The post-processing component 515 may obtain the modified image frames generated by the inferencing component 510. In some implementations, the post-processing component 515 may process the modified image frames to transform the modified image frames from an angled perspective view to a uniform view (e.g., a top-down view). The post-processing component 515 may compute, for a modified image frame that includes indications of two or more objects, one or more distances between two objects included in the two or more objects based on respective indications associated with the two objects. The post-processing component 515 may detect a violation based on a distance, from the one or more distances, satisfying a threshold. In some implementations, the post-processing component 515 may store information associated with the violation and image data associated with the violation based on detecting the violation. For example, the post-processing component 515 may be configured to perform operations as described herein, such as in connection with reference numbers 130, 135, 140, 145, 150, and/or 155.
The monitoring component 520 may obtain the information associated with the violation and the image data associated with the violation. The monitoring component 520 may provide a user interface for display that includes indications of violations, including the violation, locations associated with respective violations, and a frequency of violations associated with respective locations. For example, the monitoring component 520 may detect a trigger associated with providing the user interface and/or a report associated with detected violations and/or events. For example, the monitoring component 520 may be configured to perform operations as described herein, such as in connection with reference numbers 160 and/or 165.
The monitoring component 520 may be configured to provide information to a client device, as described in more detail elsewhere herein. The client device may include one or more devices capable of receiving, generating, storing, processing, and/or providing information associated with image transformation for artificial intelligence enabled distance event detection using image analysis, as described elsewhere herein. The client device may include a communication device and/or a computing device. For example, the client device may include a wireless communication device, a mobile phone, a user equipment, a laptop computer, a tablet computer, a desktop computer, a wearable communication device (e.g., a smart wristwatch, a pair of smart eyeglasses, a head mounted display, or a virtual reality headset), or a similar type of device.
The image processing system (e.g., the ingestion component 505, the inferencing component 510, the post-processing component 515, and the monitoring component 520) may be included in a cloud computing environment. For example, the cloud computing environment may include computing hardware, a resource management component, a host operating system (OS), and/or one or more virtual computing systems. The image processing system may execute on, for example, an Amazon Web Services platform, a Microsoft Azure platform, or a Snowflake platform, among other examples.
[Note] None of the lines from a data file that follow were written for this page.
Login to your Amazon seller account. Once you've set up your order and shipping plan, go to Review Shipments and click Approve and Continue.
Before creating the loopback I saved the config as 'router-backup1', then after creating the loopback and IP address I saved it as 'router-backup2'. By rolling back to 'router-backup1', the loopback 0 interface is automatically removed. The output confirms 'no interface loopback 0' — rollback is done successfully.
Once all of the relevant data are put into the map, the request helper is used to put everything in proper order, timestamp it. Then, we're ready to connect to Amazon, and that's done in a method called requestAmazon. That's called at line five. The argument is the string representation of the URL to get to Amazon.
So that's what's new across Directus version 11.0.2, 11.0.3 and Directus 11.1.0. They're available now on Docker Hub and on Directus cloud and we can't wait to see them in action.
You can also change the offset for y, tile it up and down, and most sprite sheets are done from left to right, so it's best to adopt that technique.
The resource management component may perform virtualization (e.g., abstraction) of computing hardware to create the one or more virtual computing systems (such as the ingestion component 505, the inferencing component 510, the post-processing component 515, and/or the monitoring component 520). Using virtualization, the resource management component enables a single computing device (e.g., a computer or a server) to operate like multiple computing devices, such as by creating multiple isolated virtual computing systems from computing hardware of the single computing device. In this way, computing hardware can operate more efficiently, with lower power consumption, higher reliability, higher availability, higher utilization, greater flexibility, and lower cost than using separate computing devices.
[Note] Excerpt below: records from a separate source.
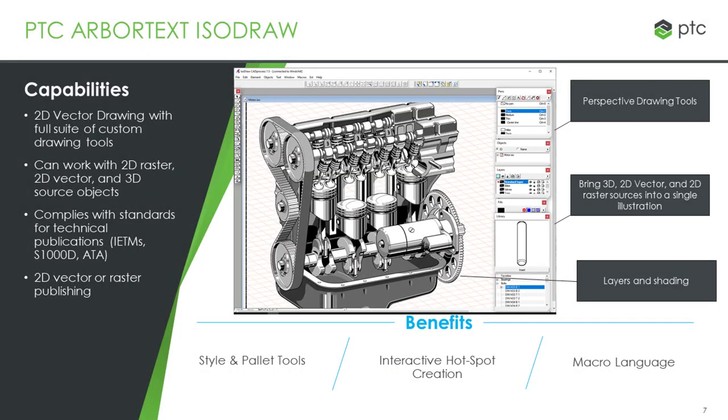PTC Arbortext ISODRAW is a 2D vector drawing tool that has the capabilities to bring in 2D raster, 2D vector, and 3D sources for the purposes of creating two-dimensional vector or 2D raster output graphics.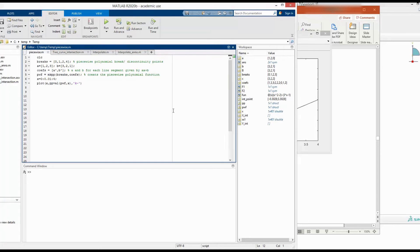In our video series of useful MATLAB tips, today we will check how to define piecewise functions.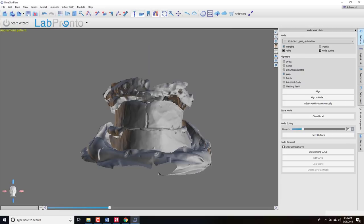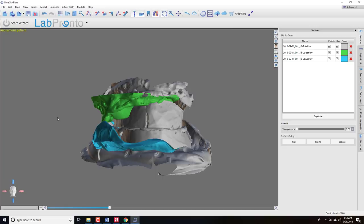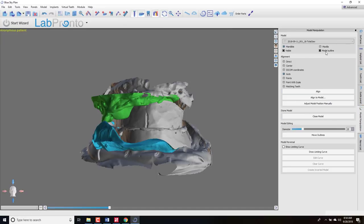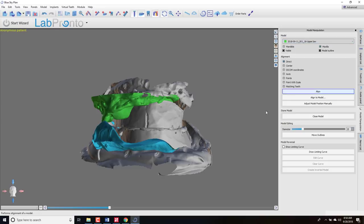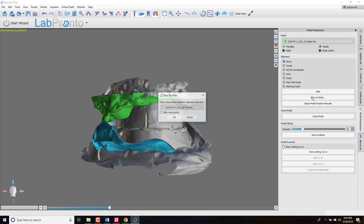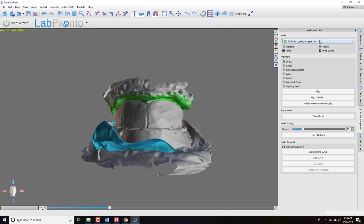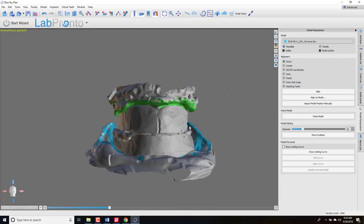Now the other models are not oriented — they're still oriented the other way. When you save an STL it's not just saving the shape; it's also saving its XYZ coordinates in space, so the software remembers the original orientation of these models to one another. If you've changed just one and want to bring the others back into relationship, click Direct. Choose the maxillary model in the dropdown, select Direct, then Align to Model, and set the destination model to the total jaw. Click OK and it pulls into position. Repeat the process with the mandible to get all models in the right orientation.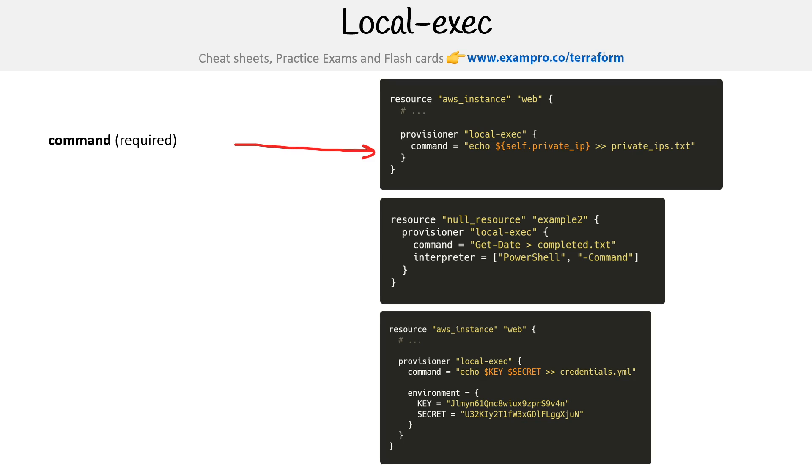So the first is we have a command and this is required. And this is the command you want to execute. So notice that we are doing an echo there, so it's whatever is possible there. And I think by default it's using bash. So if you're using Linux, that's what it would be using.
The computing hardware may include hardware and corresponding resources from one or more computing devices. For example, computing hardware may include hardware from a single computing device (e.g., a single server) or from multiple computing devices (e.g., multiple servers), such as multiple computing devices in one or more data centers. For example, computing hardware may include one or more processors, one or more memories, and/or one or more networking components. Examples of a processor, a memory, and a networking component (e.g., a communication component) are described elsewhere herein.
The resource management component may include a virtualization application (e.g., executing on hardware, such as computing hardware) capable of virtualizing computing hardware to start, stop, and/or manage one or more virtual computing systems. For example, the resource management component may include a hypervisor (e.g., a bare-metal or Type 1 hypervisor, a hosted or Type 2 hypervisor, or another type of hypervisor) or a virtual machine monitor, such as when the virtual computing systems are virtual machines. Additionally, or alternatively, the resource management component may include a container manager, such as when the virtual computing systems are containers. In some implementations, the resource management component executes within and/or in coordination with a host operating system.
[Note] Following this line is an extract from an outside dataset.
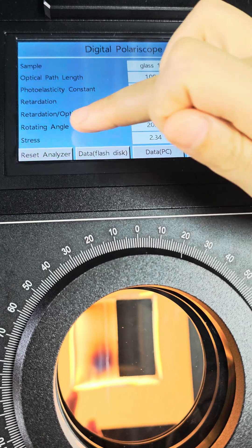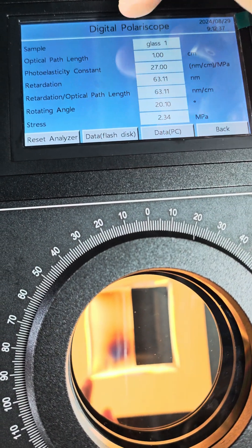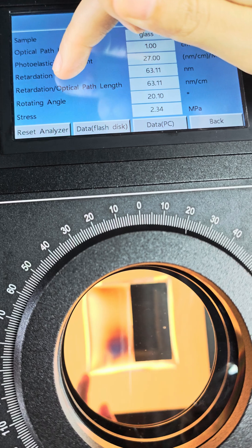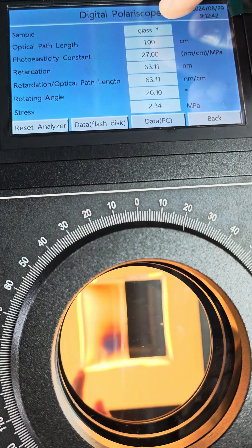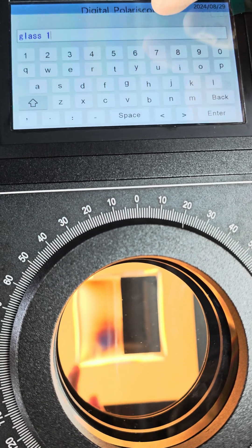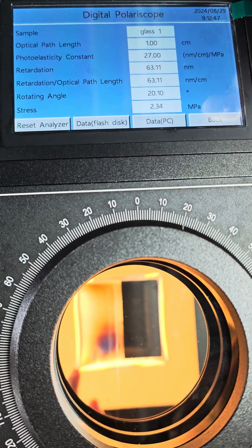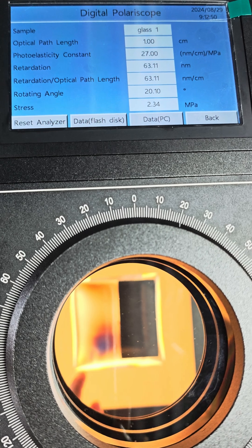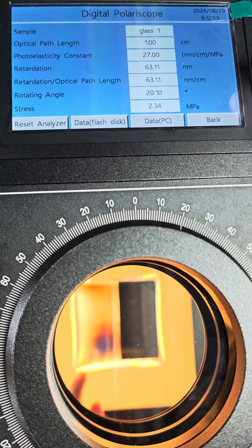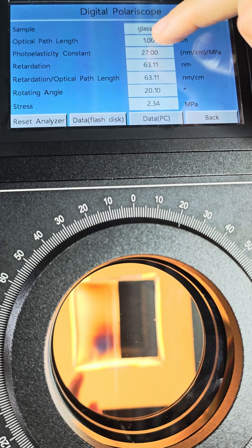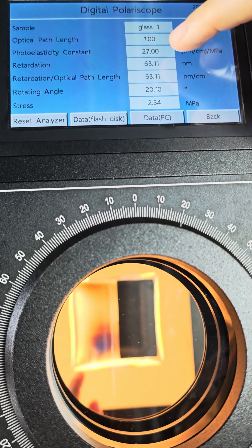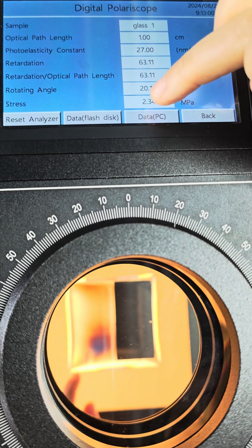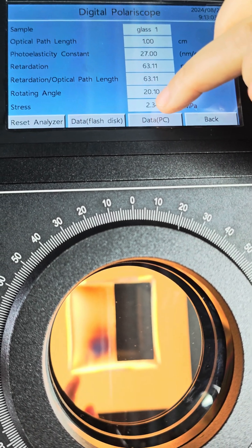We can see rotating angle here with a data value here. And we can also input a name for this sample. If we want to get accurate stress value, we need to input optical path length here and photoelastic constant here. Then we will get stress value here.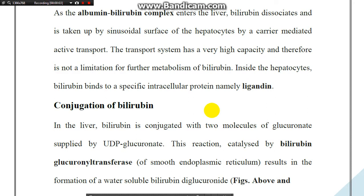After degradation of the hemoglobin in the spleen, bilirubin is released directly into the circulation. Because bilirubin is insoluble in water, it is transported from the spleen to the liver by binding with albumin via non-covalent Van der Waals bonds. When the albumin-bilirubin complex enters the liver, bilirubin dissociates and is taken up by the sinusoidal surface of the hepatocyte via carrier-mediated active transport.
A virtual computing system may include a virtual environment that enables cloud-based execution of operations and/or processes described herein using computing hardware. A virtual computing system may include a virtual machine, a container, or a hybrid environment that includes a virtual machine and a container, among other examples. A virtual computing system may execute one or more applications using a file system that includes binary files, software libraries, and/or other resources required to execute applications on a guest operating system (e.g., within the virtual computing system) or the host operating system.
Although the image processing system may include one or more elements of a cloud computing system as described above, may execute within the cloud computing system, and/or may be hosted within the cloud computing system, in some implementations, the image processing system may not be cloud-based (e.g., may be implemented outside of a cloud computing system) or may be partially cloud-based. For example, the image processing system may include one or more devices that are not part of the cloud computing system, which may include a standalone server or another type of computing device.
The number and arrangement of devices and components shown in
For example, as shown in
As shown in
The post-processing component 515 may include one or more CPUs configured to perform post-processing logic and/or computation of results based on the object detection performed by the inferencing component 510, as described in more detail elsewhere herein. For example, the one or more CPUs may write results to image storage and/or data storage. The one or more CPUs may remove original image data from the memory or storage component of the ingestion component 505 (e.g., after post-processing is performed) to free memory resources for the ingestion component 505. For example, the one or more CPUs may store the original image data in the image storage.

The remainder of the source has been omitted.